Aims: This study aimed to cross-culturally translate and adapt the Child-Oral Impacts on Daily Performance (OIDP) measure into Moroccan Arabic and assess its reliability and validity. Materials and Methods: The original Child-OIDP was translated from English into Moroccan Arabic and back again. The Moroccan version of the Child-OIDP instrument was, then, validated on 11–14-year-old school children in Casablanca, Morocco, who responded to questions assessing their perceived oral problems. Results: The study revealed that the average score of Child-OIDP was 8.3 (standard deviation 8.7). Internal consistency was confirmed with a Cronbach's alpha of 0.58; the testing-retesting procedures showed a satisfactory reproducibility (r = 0.93). The convergent validity was very satisfactory; the Child-OIDP score increased when the children had dental problems. The Child-OIDP score was able to discriminate the different sociodemographic groups. Conclusion: The study showed that the Moroccan version of the Child-OIDP had satisfactory psychometric properties, and is, therefore, a valid and reliable instrument.

Keywords: Children, Moroccan Arabic, morocco, oral health, psychometric properties, quality of life, validation


How to cite this article:
Lazrak L, Bourzgui F, Serhier Z, Diouny S, Othmani MB. Crosscultural translation and adaptation of the Moroccan version of the child-oral impacts on daily performance 11–14 oral health-related quality of life. J Int Oral Health 2017;9:236-41

How to cite this URL:
Lazrak L, Bourzgui F, Serhier Z, Diouny S, Othmani MB. Crosscultural translation and adaptation of the Moroccan version of the child-oral impacts on daily performance 11–14 oral health-related quality of life. J Int Oral Health [serial online] 2017 [cited 2022 May 25];9:236-41. Available from: https://www.jioh.org/text.asp?2017/9/5/236/216956


  Introduction Top


Oral health is defined in terms of complete physical, mental, and social-related dental status.[1] Several measures have been developed to assess oral well-being and describe oral impacts on people's quality of life.[2],[3] In general, these instruments assess the extent of the damage of the normal social functioning and leads to changes in the ability to work, attend school, or perform a family task.[4],[5]

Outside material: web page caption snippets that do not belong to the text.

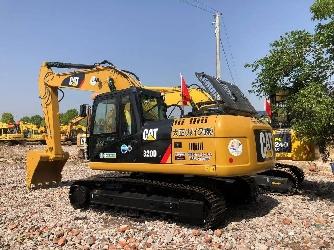 CAT 320D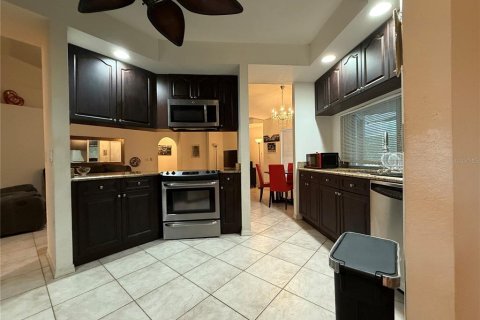 Casa en venta en Spring Hill, Florida, 4 dormitorios, 220.92 m2 № 1904266 - foto 10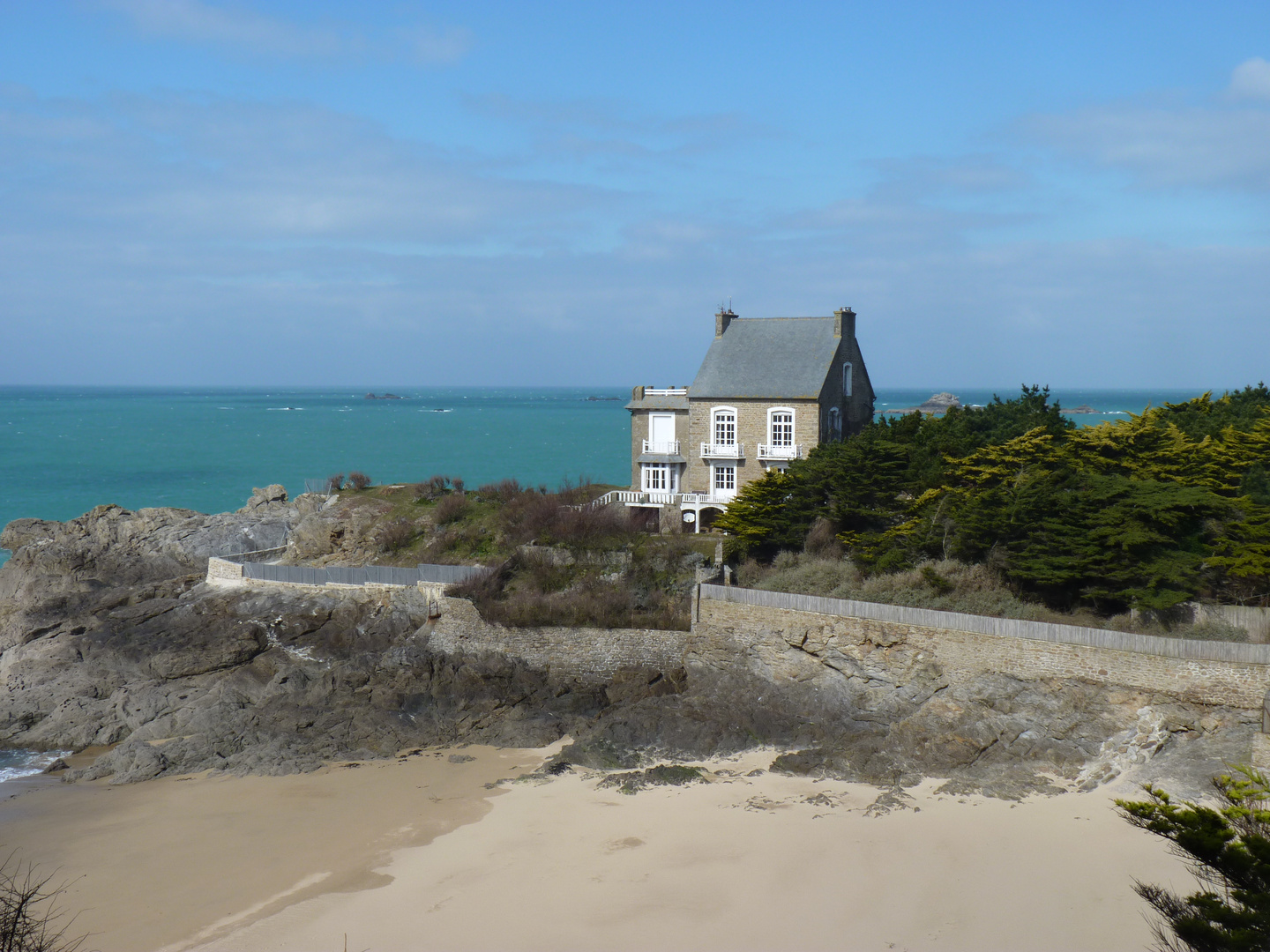 une plage entre le ciel et la mer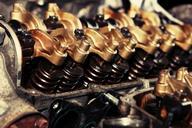 cylinders-engine-oil-machine-569151.jpg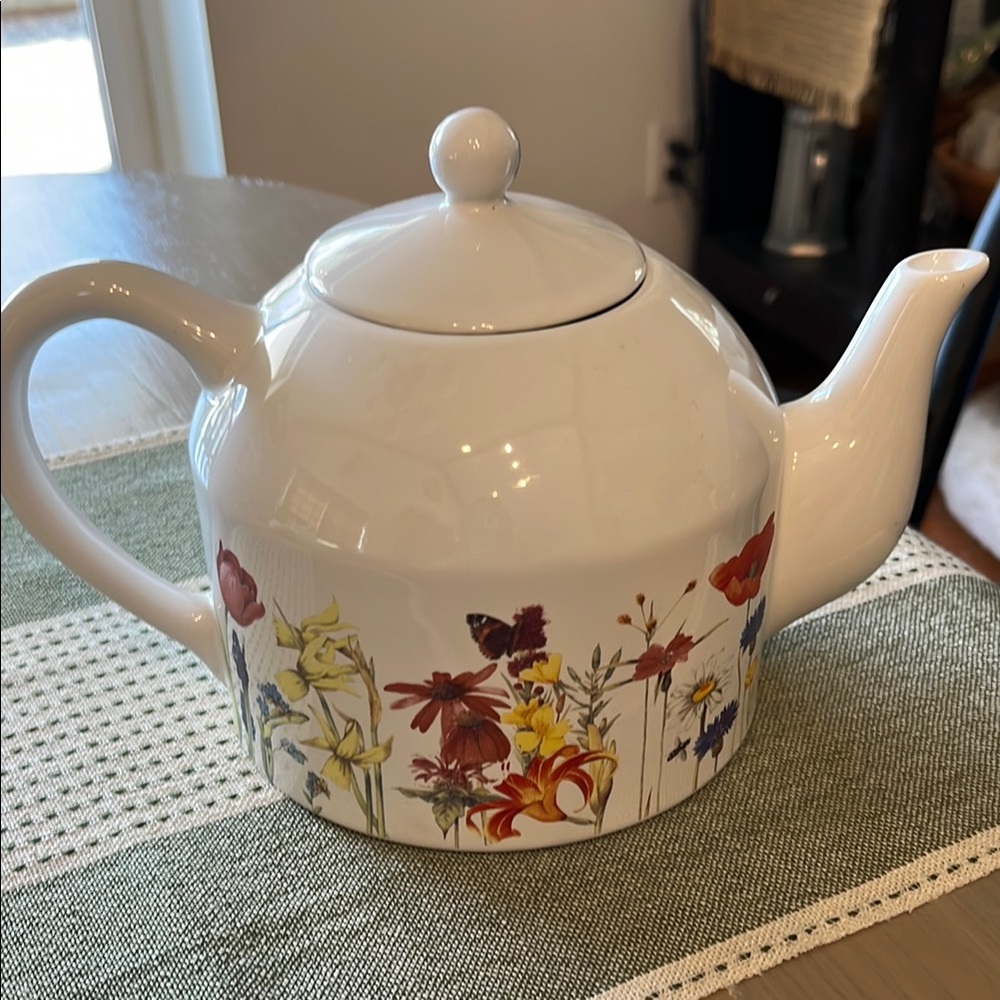 Vintage Marjolein Bastin Floral White Teapot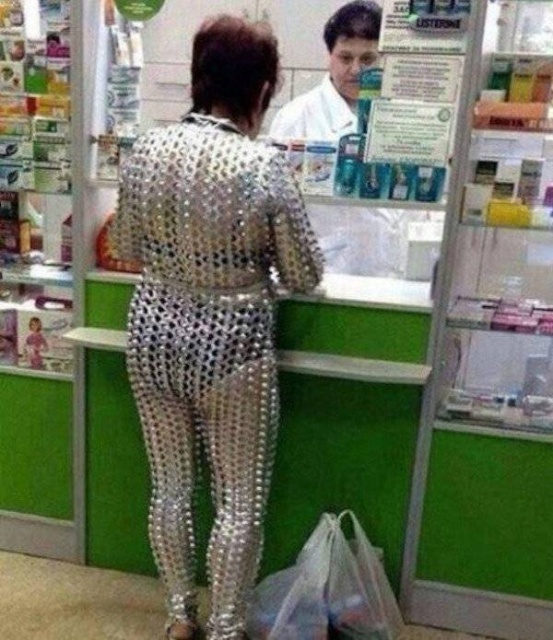 Strange People (24 pics)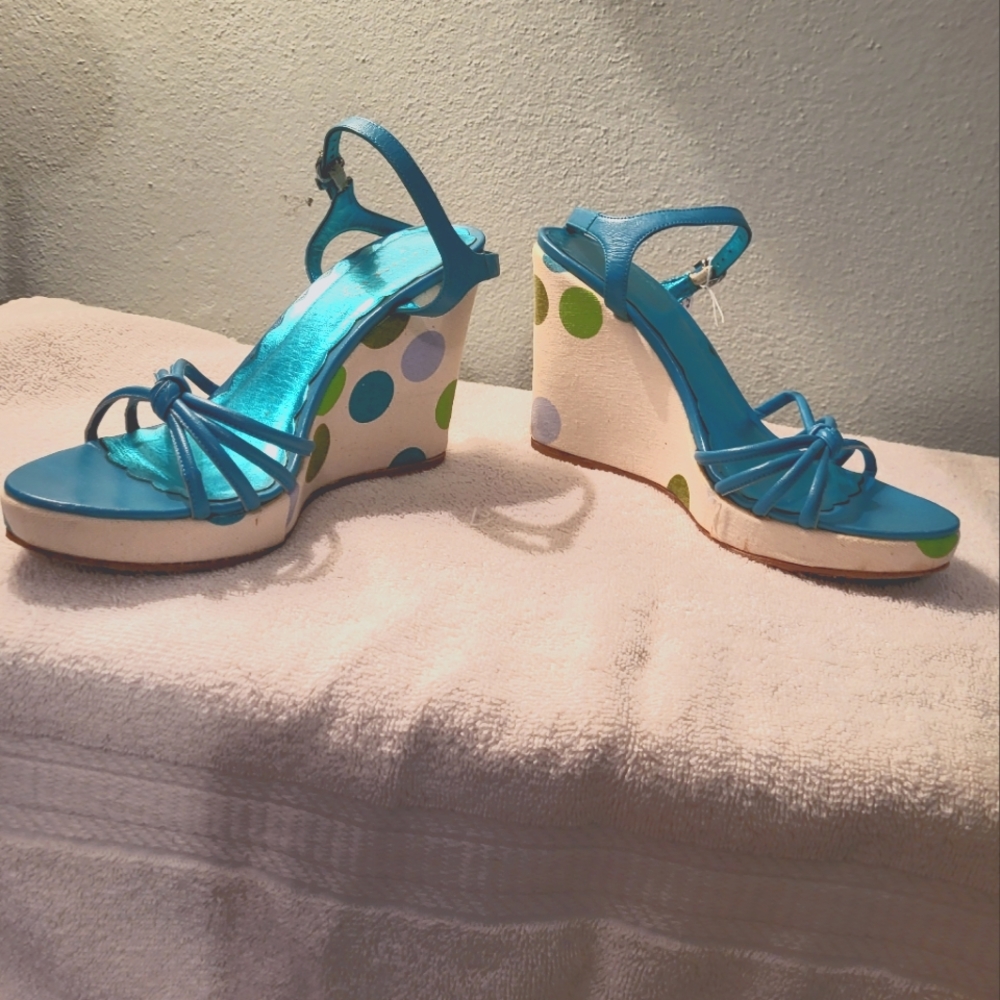 Polka dot wedges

Most oral health-related quality of life (OH-QOL) studies have been designed to assess adults; however, the impact of OH-QOL outcomes in children has been less researched. This is because there are numerous methodological and conceptual problems when developing OH-QOL measures in children.

Many OHRQOL measures have been developed in the last decade. Both the Child OHQoL [6] and the Child-Oral Impacts on Daily Performance (OIDP)[7] were based on a conceptual model of oral health-related quality of life, and only both were submitted to a psychometric evaluation.[8]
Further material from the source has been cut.